__ACTION ITEM__
With the pictures left aside, write out exactly the lines of the listing below from the line with "Ciotola per frutta alta" to the line with "ZAPATO MOCASIN MUJER", both included, and only those.

__DATA LISTING__

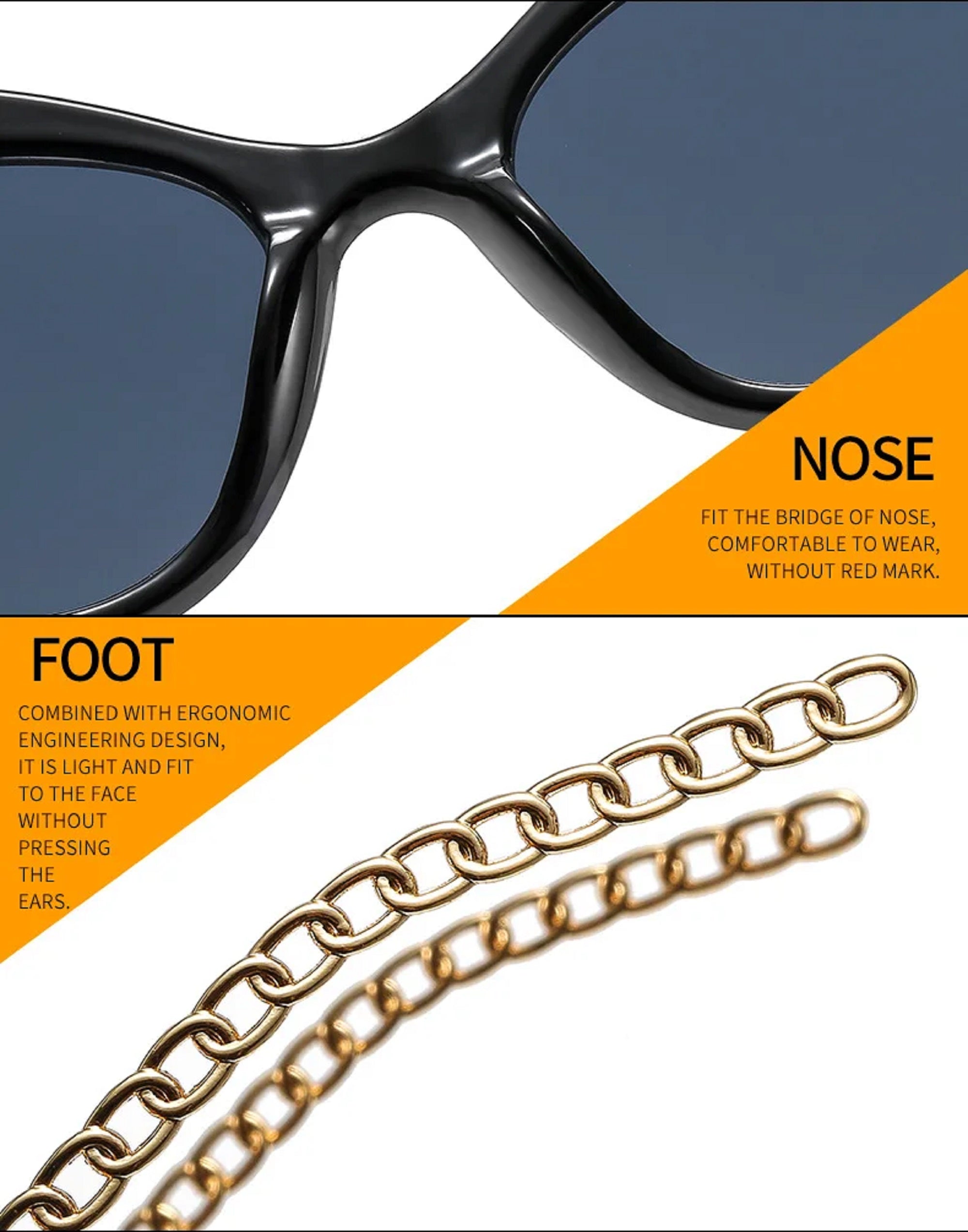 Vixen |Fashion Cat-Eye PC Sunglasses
---
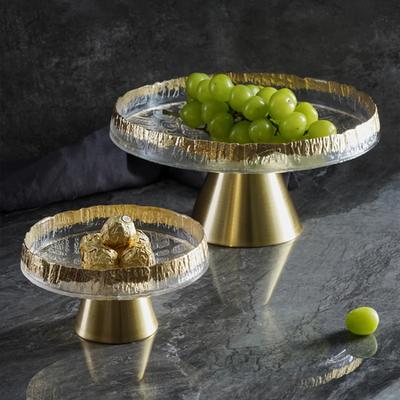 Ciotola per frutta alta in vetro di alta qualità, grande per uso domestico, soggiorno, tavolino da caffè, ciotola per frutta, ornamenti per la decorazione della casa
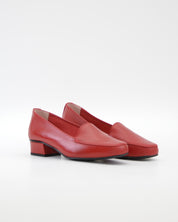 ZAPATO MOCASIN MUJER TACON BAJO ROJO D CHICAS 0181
--
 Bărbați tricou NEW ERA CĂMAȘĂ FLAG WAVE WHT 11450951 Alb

__ANSWER TO THIS EXERCISE__
 Ciotola per frutta alta in vetro di alta qualità, grande per uso domestico, soggiorno, tavolino da caffè, ciotola per frutta, ornamenti per la decorazione della casa
 ZAPATO MOCASIN MUJER TACON BAJO ROJO D CHICAS 0181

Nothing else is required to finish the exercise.